Each of my documents has a @timestamp when it was indexed.

Are you using time-based indices?

I am sorry if I do not understand exactly, but I will try to answer :slight_smile:

Whenever a log is written as document, a @timestamp is appended at the time of the log creation.

If you are writing into a single index, and not using a time-based one, e.g. logstash-2017.07.06, you will need to use delete-by-query which Mark linked to. This is generally much less efficient than simply dropping whole indices if you are using indices per time period.

1 Like

Yes. I am writing in to single index.

This is what I have come up with:

POST myindex/_delete_by_query
{
"query": {
"range" : {
"@timestamp" : {
"gte" : "09/02/2017",
"lte" : "11/02/2017",
"format": "dd/MM/yyyy||yyyy"
}
}
}
}

And it works.

Thank you for your suggestions :slight_smile:

1 Like

You should really change to time based indices.

1 Like

Just to recap if I understand it correctly.

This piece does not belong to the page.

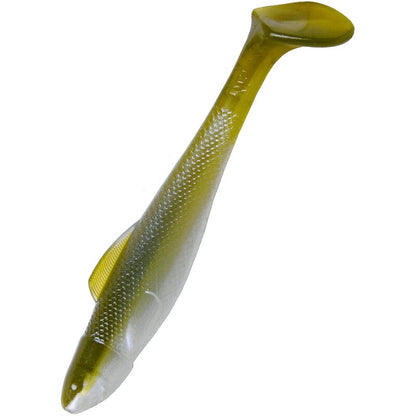 Relax Gummifische Ohio 4" 10 cm 5 Stück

You suggest that I create an index per day worth of logs. For example, in my folder application generates logs with a datestamp, something like: mylog.log.2017-06-06.

And then I should create an index with the same name. Doing that, I can simply delete indexes that I do not wish.
Did I understand it correctly?

Yep!
Daily, weekly or monthly is better than a single index/

I see your point. But if I were to make a search on some of the indexes, and I would like to make deeper (several months in the past) search, then would it not complicate my queries?

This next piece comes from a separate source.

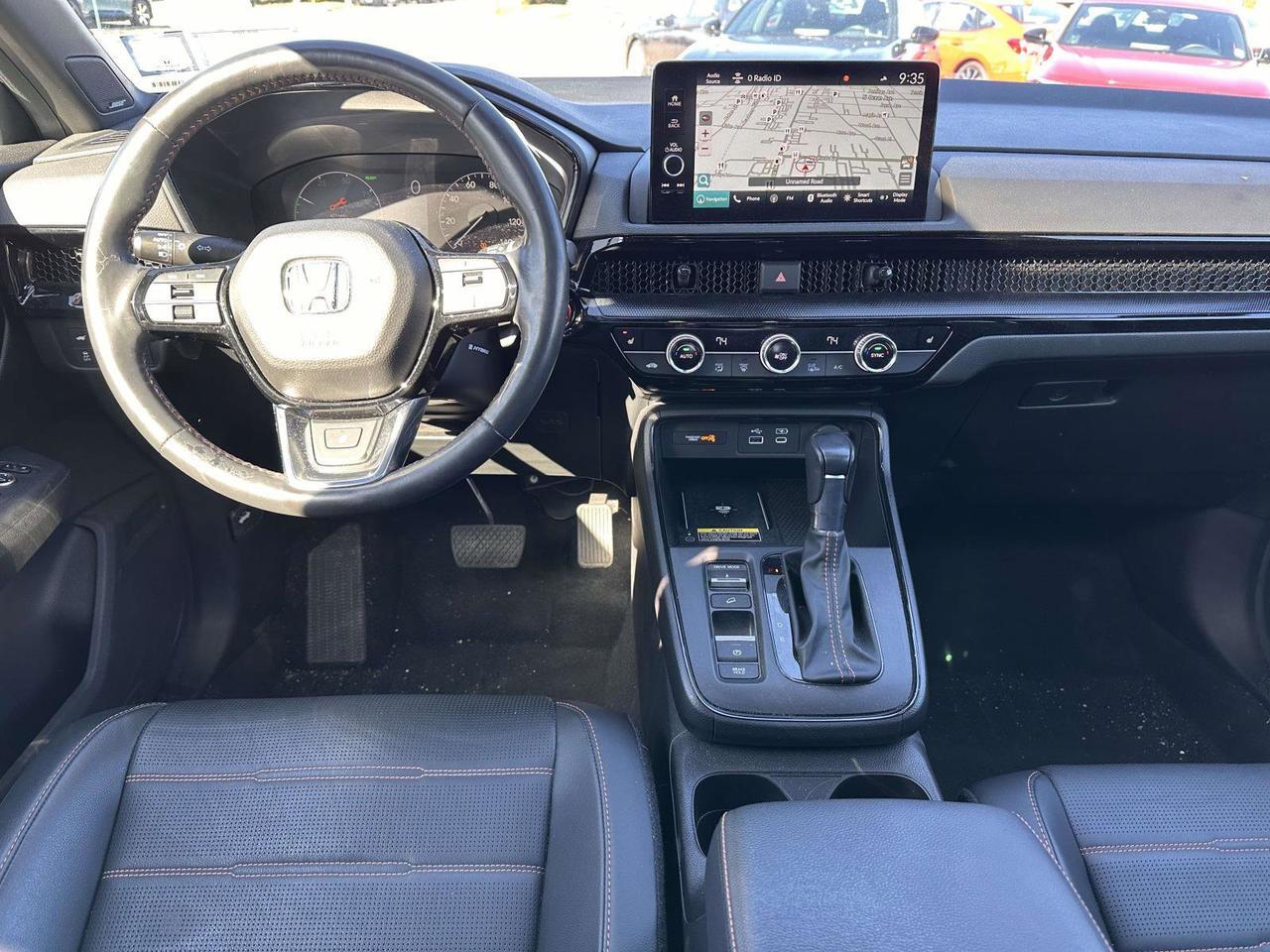 2023 Honda CR-V Hybrid Sport Touring Clifton Park NY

If I have indexes based on days, than I would take all of them in to account. Or even if I have them broken by months, then also if I wish to do annual search, than I would need to group the somehow?

Currently, I am using Kibana to show me some statistics for one year or so.

Am I missing something? :slight_smile:

Thanks

No, Kibana has intelligence built into it to take this into account and will only query the indices it needs based on the requested timestamps.

Wow, I did not know that. So I might have 365 indexes, which is a Year worth... and Kibana will simply ignore it? I mean figure it out and make whatever 'joins' internally?

That's the high level idea, yes :slight_smile:

1 Like

Are there any other benefits to have many indexes vs one big? In terms of speed or performance?

It's much easier to manage retention.

But unless you have too many shards then there's no real difference.

If your data volumes allow for a single index, I would probably recommend switching to monthly rather than daily indices. As data is allocated to indices based on timestamp, Kibana can limit the number of indices queried to only the ones that hold data relevant to that period, which can result in less data queried.

1 Like

This topic was automatically closed 28 days after the last reply. New replies are no longer allowed.